🤖 AI Summary
This work addresses the limitations of existing federated conformal retrieval-augmented generation (RAG) methods, which only provide coverage guarantees over fixed time horizons and struggle to support dynamic stopping or adaptive control in bandwidth-constrained settings with weak models. To overcome this, we propose Anytime-FC-RAG, the first framework enabling valid sequential coverage at arbitrary stopping times. Our approach leverages an additive per-step calibration error budget and a truncated betting e-process, accommodating adaptive operations—such as model updates and bandwidth optimization—without requiring additional assumptions. The method builds upon conditional coverage bounds, non-negative supermartingale e-processes, Ville’s inequality, Hoeffding stitching envelopes, and a novel federated probe-logit distillation (FPLD) mechanism. Experiments on GPT-2-small and MiniLM clusters demonstrate precise control over alert rates and detection latency, reduce communication overhead by 14%–57%, and ensure alerts are triggered exclusively upon actual coverage violations.
📝 Abstract
Federated Conformal RAG (FC-RAG) provides distribution-free coverage for a bandwidth-limited swarm of weak language models, but only at a fixed horizon. We extend it to anytime-valid sequential coverage: validity at every stopping time, preserved under predictable adaptive control (recalibration, per-node bandwidth escalation, distilled-student refresh), at no extra cost in assumptions over fixed-horizon FC-RAG. Naive composition fails because FC-RAG's marginal coverage bound makes the betting e-process a non-supermartingale on adverse calibration draws, and Ville's inequality cannot be invoked.
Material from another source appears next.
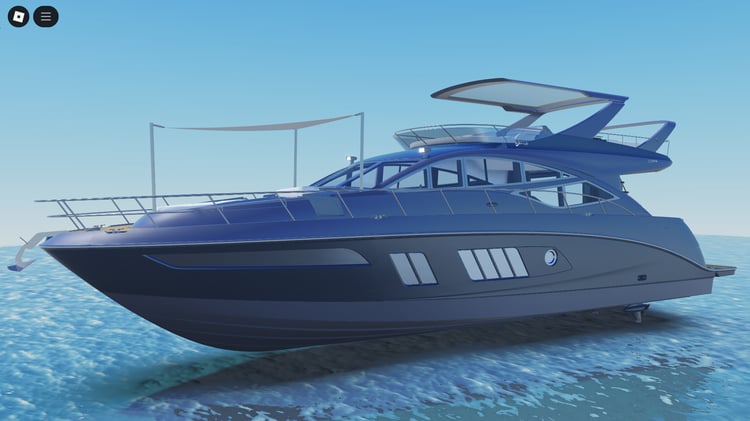 Roblox Sea Ray 650L luxury yacht on water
We give Anytime-FC-RAG, a sequential extension built on a summable per-step calibration-deviation budget that converts the marginal bound into a strict conditional bound on a calibration-good event, paired with a truncated betting e-process that is a nonnegative supermartingale on the entire probability space. From these two ingredients, we obtain four guarantees: time-uniform alarm validity $\mathbb{P}(\sup_t E_t \ge 1/δ_e) \le δ_e + δ_{\mathrm{cal}}$, a Hoeffding-stitched cumulative-miscoverage envelope at the same total budget, safety under any predictable controller (recalibration, bandwidth escalation, student refresh), and training-side error propagation across an unbounded sequence of Federated Probe-Logit Distillation (FPLD) refreshes via a summable training budget. As a practical consequence, an adaptive controller that escalates retrieval bandwidth only when the e-process crosses a warning threshold matches the alarm rate of a fixed-high-bandwidth schedule at substantially lower communication cost. Experiments on a GPT-2-small + MiniLM swarm across MMLU, DBpedia, and AG News verify the predicted alarm rate, detection delay, envelope coverage, and $14$-$57\%$ bandwidth savings; the alarm fires when and only when coverage genuinely breaks.